Le côté agréable de cet albumLire un extrait tient dans son processus narratif marqué par une grande inventivité et un rappel constant des références scientifiques mais aussi esthétiques liées à la culture populaire ; La BD multiplie ainsi les allusions au cinéma, entrecoupe son scénario de parodies interstitielles, parsème ses images de clins d’œil qui éclairent et tordent ainsi le cou aux préjugés ou aux théories hasardeuses. Ce n’est ainsi pas une vulgarisation de l’œuvre d’origine, mais une valeur ajoutée par rapport à l’édition courante : Yuval Harari y a contribué en ajoutant de nouveaux exemples, en précisant des concepts qui, depuis la première édition, avaient un peu évolué. C’est au final la rencontre d’auteurs qui ont compris qu’avec la bande dessinée, ils s’adressaient à un autre lectorat
A l’heure où tout le monde se croit aujourd’hui professeur d’épidémiologie, où les « platistes » progressent toujours plus chaque jour, et où un manque criant de culture scientifique se fait ressentir dans notre société, au-delà de la pandémie, des questions essentielles de notre siècle exigent une réelle compréhension scientifique : changement climatique, intelligence artificielle ou bio-ingénierie sont ainsi des sujets cruciaux pour les nouvelles générations. Ce livre se veut ainsi le pont entre la communauté scientifique et le grand public, y compris la jeunesse. Ce roman graphique, réalisé à six mains est au final plus une extension de Sapiens qu’une simple adaptation.

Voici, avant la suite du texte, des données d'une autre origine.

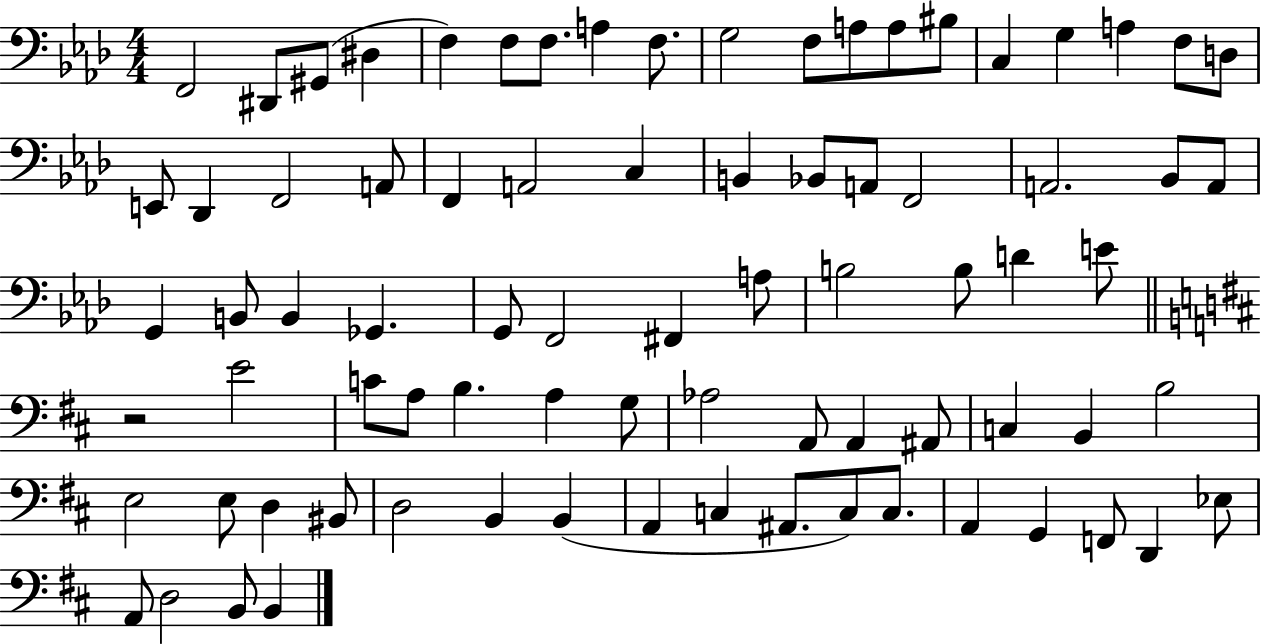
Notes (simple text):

F2/h D#2/e G#2/e D#3/q F3/q F3/e F3/e. A3/q F3/e. G3/h F3/e A3/e A3/e BIS3/e C3/q G3/q A3/q F3/e D3/e E2/e Db2/q F2/h A2/e F2/q A2/h C3/q B2/q Bb2/e A2/e F2/h A2/h. Bb2/e A2/e G2/q B2/e B2/q Gb2/q. G2/e F2/h F#2/q A3/e B3/h B3/e D4/q E4/e R/h E4/h C4/e A3/e B3/q. A3/q G3/e Ab3/h A2/e A2/q A#2/e C3/q B2/q B3/h E3/h E3/e D3/q BIS2/e D3/h B2/q B2/q A2/q C3/q A#2/e. C3/e C3/e. A2/q G2/q F2/e D2/q Eb3/e A2/e D3/h B2/e B2/q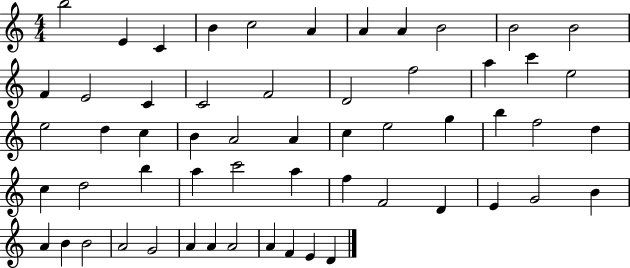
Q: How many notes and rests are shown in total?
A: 57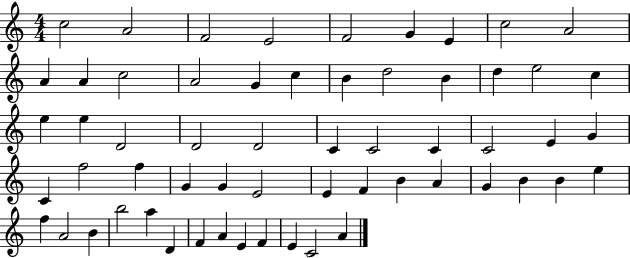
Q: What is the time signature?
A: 4/4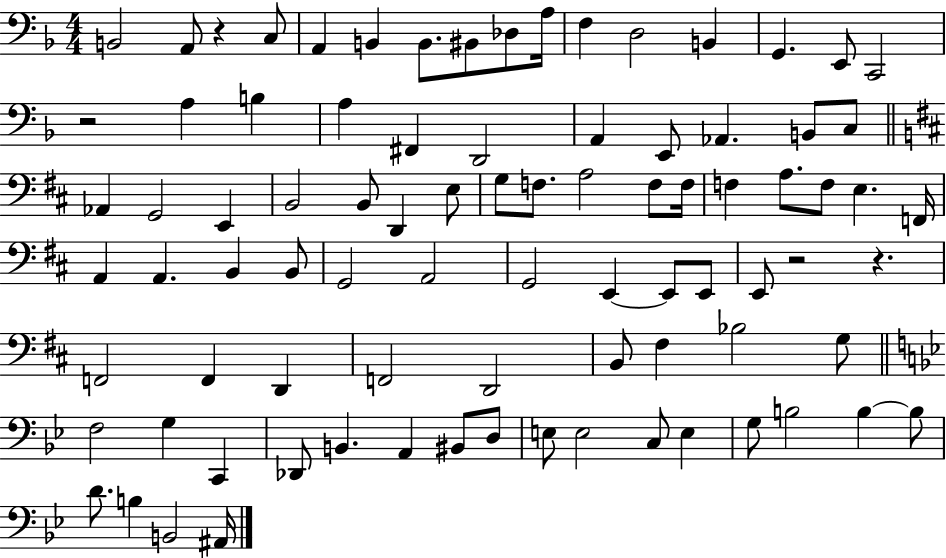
X:1
T:Untitled
M:4/4
L:1/4
K:F
B,,2 A,,/2 z C,/2 A,, B,, B,,/2 ^B,,/2 _D,/2 A,/4 F, D,2 B,, G,, E,,/2 C,,2 z2 A, B, A, ^F,, D,,2 A,, E,,/2 _A,, B,,/2 C,/2 _A,, G,,2 E,, B,,2 B,,/2 D,, E,/2 G,/2 F,/2 A,2 F,/2 F,/4 F, A,/2 F,/2 E, F,,/4 A,, A,, B,, B,,/2 G,,2 A,,2 G,,2 E,, E,,/2 E,,/2 E,,/2 z2 z F,,2 F,, D,, F,,2 D,,2 B,,/2 ^F, _B,2 G,/2 F,2 G, C,, _D,,/2 B,, A,, ^B,,/2 D,/2 E,/2 E,2 C,/2 E, G,/2 B,2 B, B,/2 D/2 B, B,,2 ^A,,/4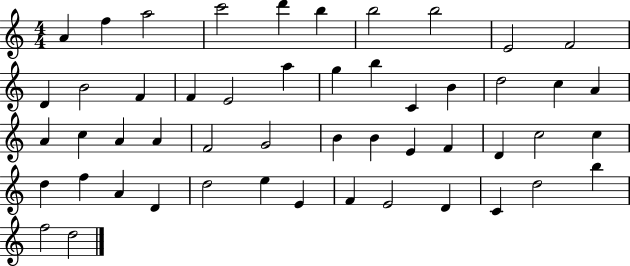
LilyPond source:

{
  \clef treble
  \numericTimeSignature
  \time 4/4
  \key c \major
  a'4 f''4 a''2 | c'''2 d'''4 b''4 | b''2 b''2 | e'2 f'2 | \break d'4 b'2 f'4 | f'4 e'2 a''4 | g''4 b''4 c'4 b'4 | d''2 c''4 a'4 | \break a'4 c''4 a'4 a'4 | f'2 g'2 | b'4 b'4 e'4 f'4 | d'4 c''2 c''4 | \break d''4 f''4 a'4 d'4 | d''2 e''4 e'4 | f'4 e'2 d'4 | c'4 d''2 b''4 | \break f''2 d''2 | \bar "|."
}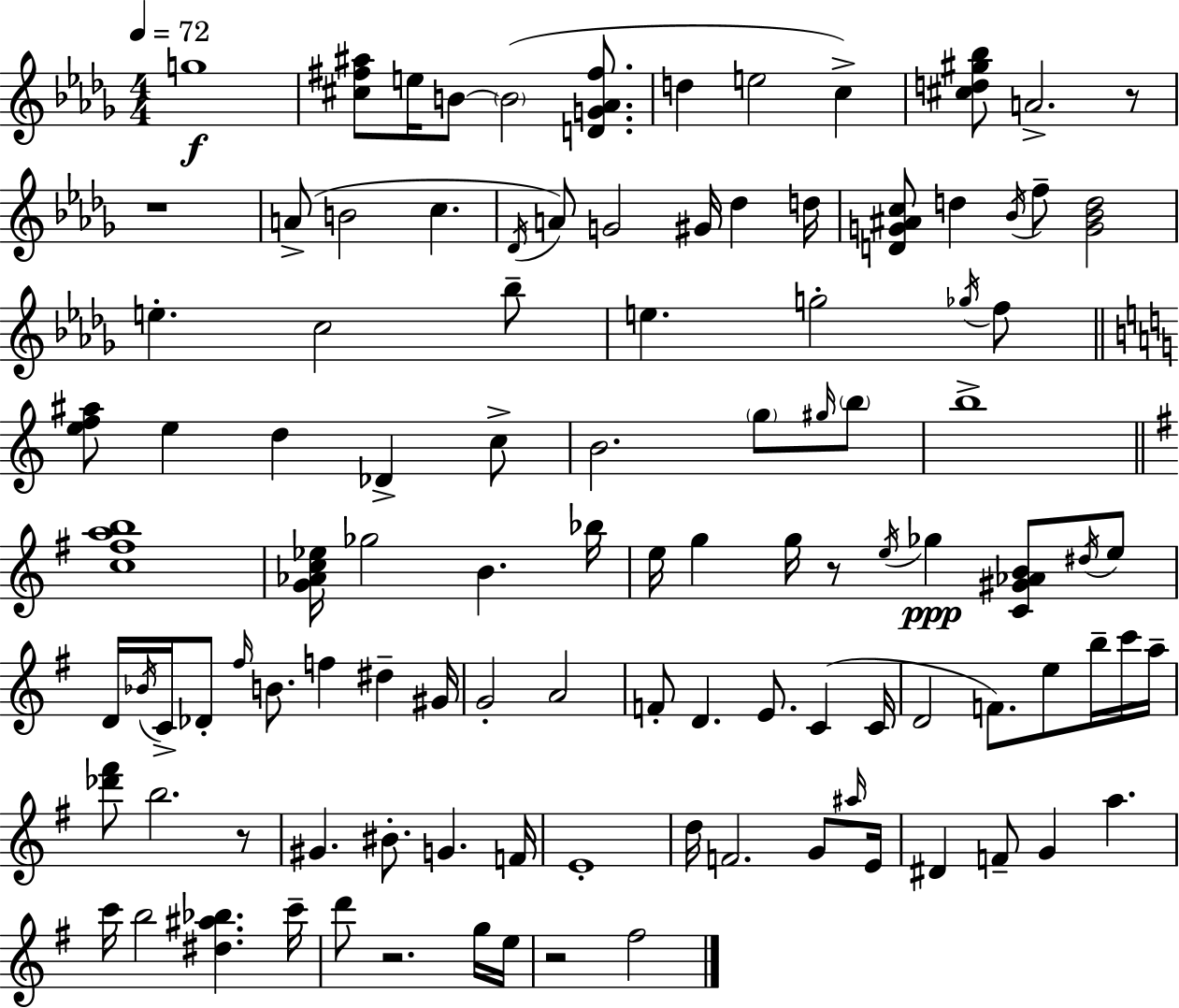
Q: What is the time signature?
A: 4/4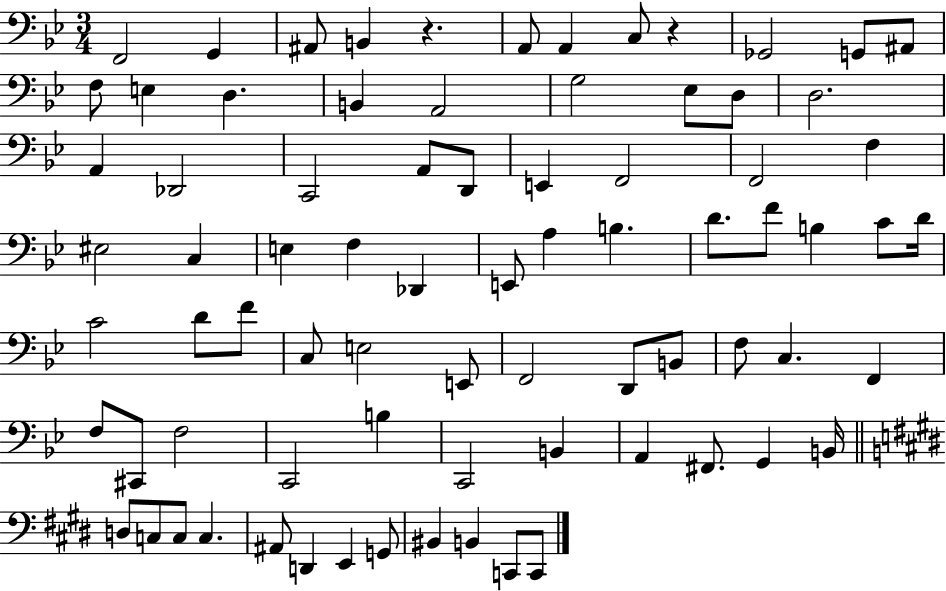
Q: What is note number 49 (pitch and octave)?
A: D2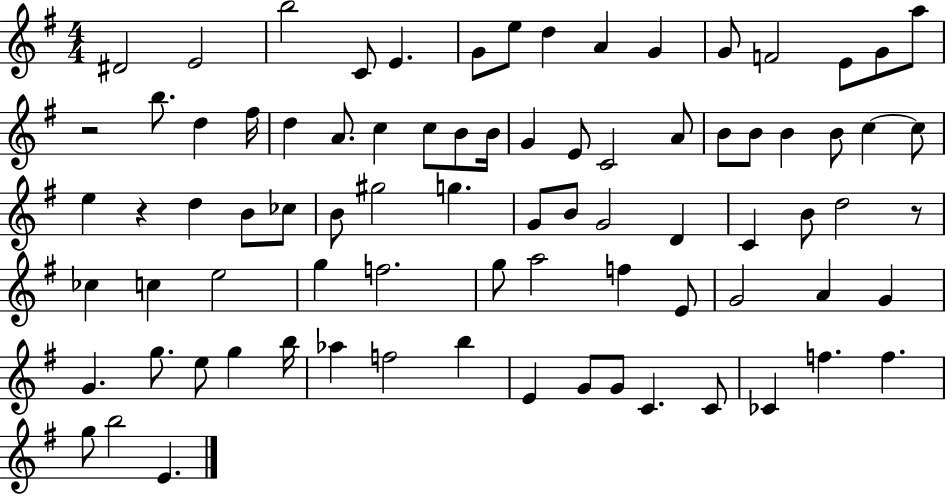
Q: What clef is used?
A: treble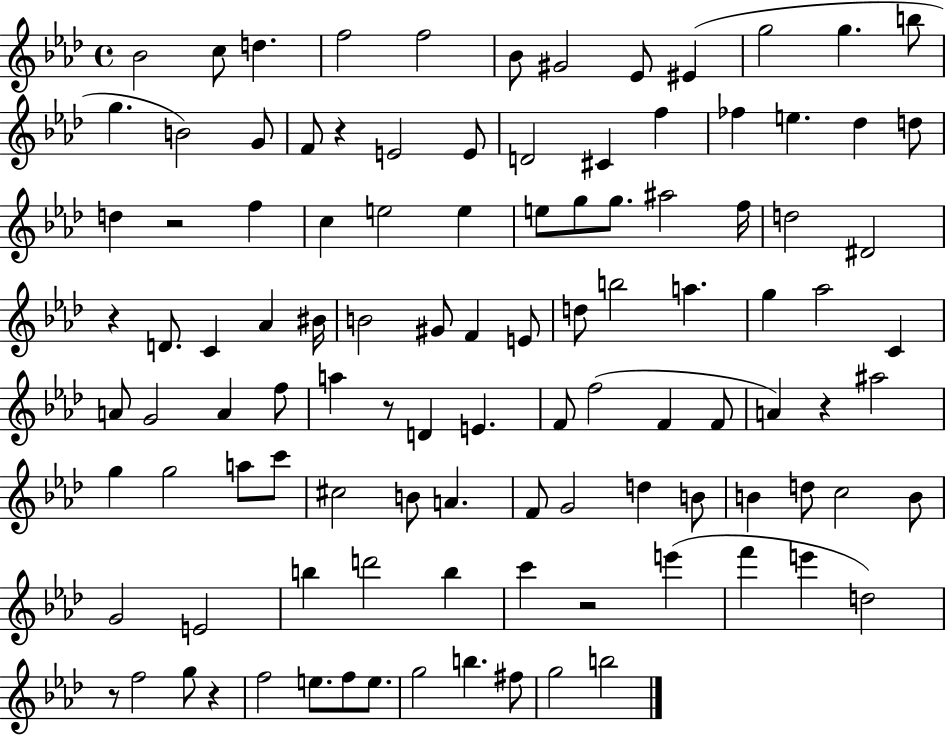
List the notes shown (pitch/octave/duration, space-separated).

Bb4/h C5/e D5/q. F5/h F5/h Bb4/e G#4/h Eb4/e EIS4/q G5/h G5/q. B5/e G5/q. B4/h G4/e F4/e R/q E4/h E4/e D4/h C#4/q F5/q FES5/q E5/q. Db5/q D5/e D5/q R/h F5/q C5/q E5/h E5/q E5/e G5/e G5/e. A#5/h F5/s D5/h D#4/h R/q D4/e. C4/q Ab4/q BIS4/s B4/h G#4/e F4/q E4/e D5/e B5/h A5/q. G5/q Ab5/h C4/q A4/e G4/h A4/q F5/e A5/q R/e D4/q E4/q. F4/e F5/h F4/q F4/e A4/q R/q A#5/h G5/q G5/h A5/e C6/e C#5/h B4/e A4/q. F4/e G4/h D5/q B4/e B4/q D5/e C5/h B4/e G4/h E4/h B5/q D6/h B5/q C6/q R/h E6/q F6/q E6/q D5/h R/e F5/h G5/e R/q F5/h E5/e. F5/e E5/e. G5/h B5/q. F#5/e G5/h B5/h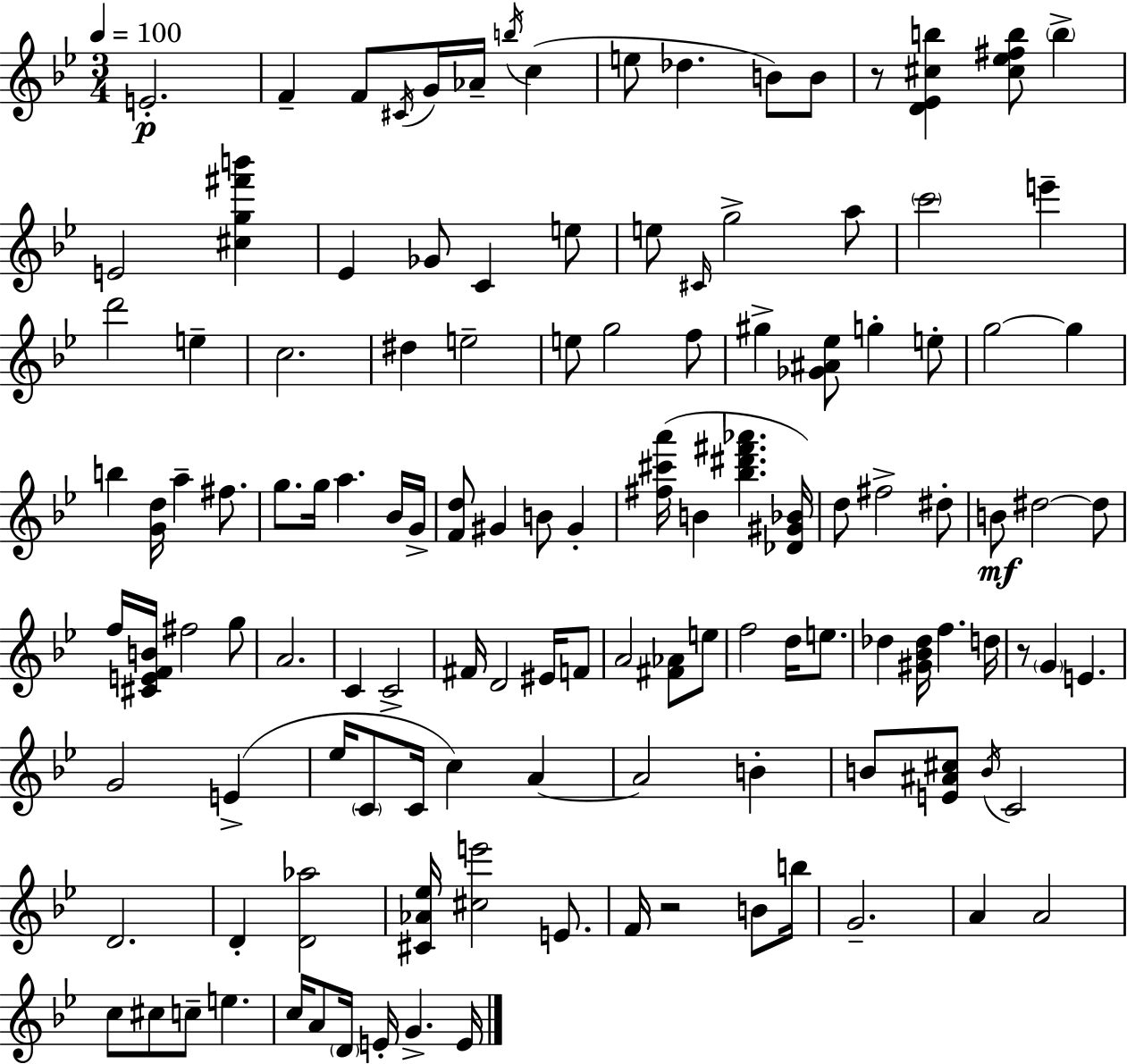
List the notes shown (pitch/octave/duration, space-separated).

E4/h. F4/q F4/e C#4/s G4/s Ab4/s B5/s C5/q E5/e Db5/q. B4/e B4/e R/e [D4,Eb4,C#5,B5]/q [C#5,Eb5,F#5,B5]/e B5/q E4/h [C#5,G5,F#6,B6]/q Eb4/q Gb4/e C4/q E5/e E5/e C#4/s G5/h A5/e C6/h E6/q D6/h E5/q C5/h. D#5/q E5/h E5/e G5/h F5/e G#5/q [Gb4,A#4,Eb5]/e G5/q E5/e G5/h G5/q B5/q [G4,D5]/s A5/q F#5/e. G5/e. G5/s A5/q. Bb4/s G4/s [F4,D5]/e G#4/q B4/e G#4/q [F#5,C#6,A6]/s B4/q [Bb5,D#6,F#6,Ab6]/q. [Db4,G#4,Bb4]/s D5/e F#5/h D#5/e B4/e D#5/h D#5/e F5/s [C#4,E4,F4,B4]/s F#5/h G5/e A4/h. C4/q C4/h F#4/s D4/h EIS4/s F4/e A4/h [F#4,Ab4]/e E5/e F5/h D5/s E5/e. Db5/q [G#4,Bb4,Db5]/s F5/q. D5/s R/e G4/q E4/q. G4/h E4/q Eb5/s C4/e C4/s C5/q A4/q A4/h B4/q B4/e [E4,A#4,C#5]/e B4/s C4/h D4/h. D4/q [D4,Ab5]/h [C#4,Ab4,Eb5]/s [C#5,E6]/h E4/e. F4/s R/h B4/e B5/s G4/h. A4/q A4/h C5/e C#5/e C5/e E5/q. C5/s A4/e D4/s E4/s G4/q. E4/s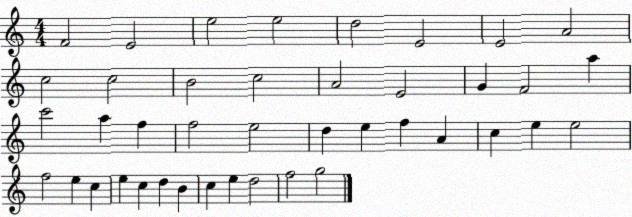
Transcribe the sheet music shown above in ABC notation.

X:1
T:Untitled
M:4/4
L:1/4
K:C
F2 E2 e2 e2 d2 E2 E2 A2 c2 c2 B2 c2 A2 E2 G F2 a c'2 a f f2 e2 d e f A c e e2 f2 e c e c d B c e d2 f2 g2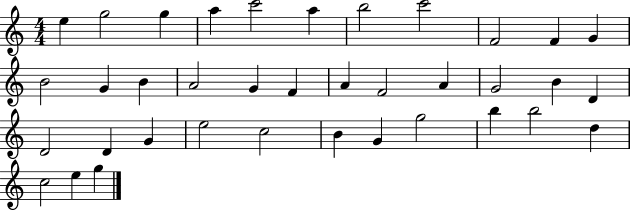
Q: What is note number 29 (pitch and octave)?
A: B4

En conclusion, Sapiens, La naissance de l’humanité est une bande dessinée qui interroge et permet de repenser, avec humour, tout ce que nous croyions savoir sur l’histoire de l’humanité. Elle pourra satisfaire la curiosité débordante d’adultes en manque de connaissances scientifiques stables mais aussi des adolescents avides de culture et de découverte. C’est un livre essentiel qui se doit de figurer dans chaque bibliothèque digne de ce nom et qui doit être mis entre toutes les mains.